Wealth is an incentive for wealth aggregation those aren't the same thing. More wealth would be created if companies payed their workers more (since poor people actually need the money to pay for things)
Businesses don't create value by overcompensating employees. Without the profit incentive for the entrepreneur there is no business. The consumer's problems are not solved, no jobs are provided and no value is created.
In some cases it does make sense for employers to increase compensation. Especially when productivity is high. Usually productivity gains are a result of innovation, which is incentivized by the profit motive.
> Without the profit incentive for the entrepreneur there is no business.
This just isn't true. I have entrepreneurs on both sides of family going back at least 3 generations. Many of them were happy just to create something and make a decent living.
I grant that part of corporate America's civic religion is pretending that greed is the only possible motivator for anything good. And maybe that's true for some people. But if you talk with actual entrepreneurs, especially ones outside the tech filter bubble, their true motivations are rarely about a chance at vast riches.

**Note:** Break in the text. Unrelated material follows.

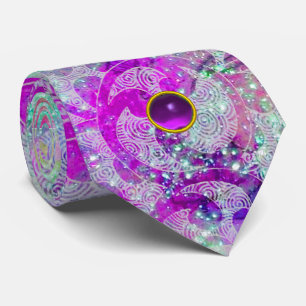 CRAVATE BLEU SAPHIR ABSTRAIT, VAGUES ROSES, ÉTINCELLES, GE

The profit incentive remains. The ends to which they apply those profits are up to the individual entrepreneurs. There's nothing wrong in my view with worker owned businesses, as long as it is a voluntary arrangement. From where I stand these businesses are entirely valid options which can exist in a free market. Where you paint them as as in conflict with the profit incentive or a 'civic religion of greed', you branch off into pure hyperbole.

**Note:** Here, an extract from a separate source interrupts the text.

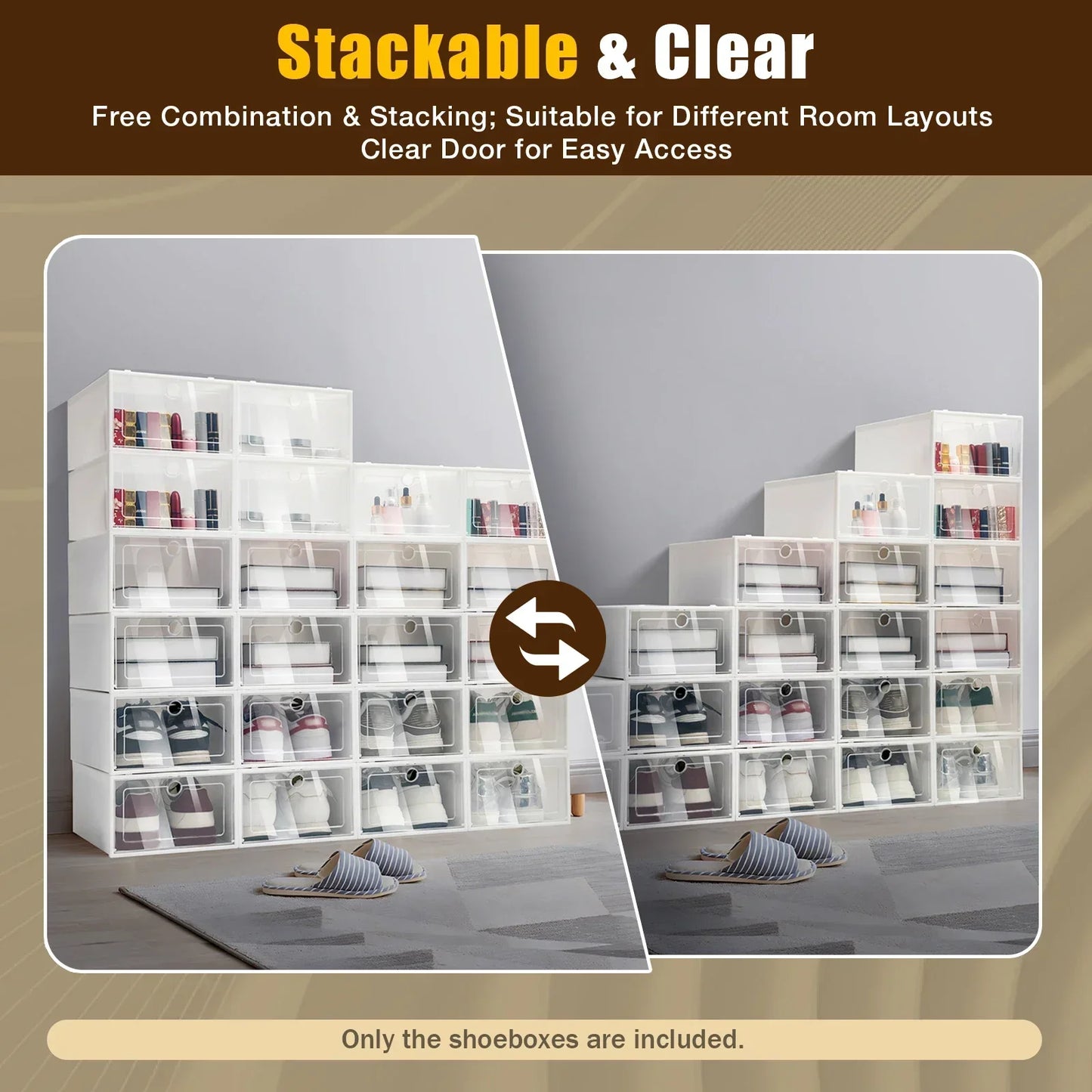 Foldable Plastic Shoe Storage Boxes With Clear Lids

It's far from hyperbole. Wealth accumulation is a motivation for some. But it's just not central to a great deal of entrepreneurship and innovation. I know one guy who started a billion-dollar company, and his take on profit was entirely utilitarian: "Profit is permission to continue", meaning that it's just an indicator that the business is self-sustaining.
This is just subjective value, again. He wants permission to continue, thus he wants profits. From there we can conclude that there is a profit motive.
In some cases it does make sense for employers to increase compensation. Especially when productivity is high. Usually productivity gains are a result of innovation, which is incentivized by the profit motive.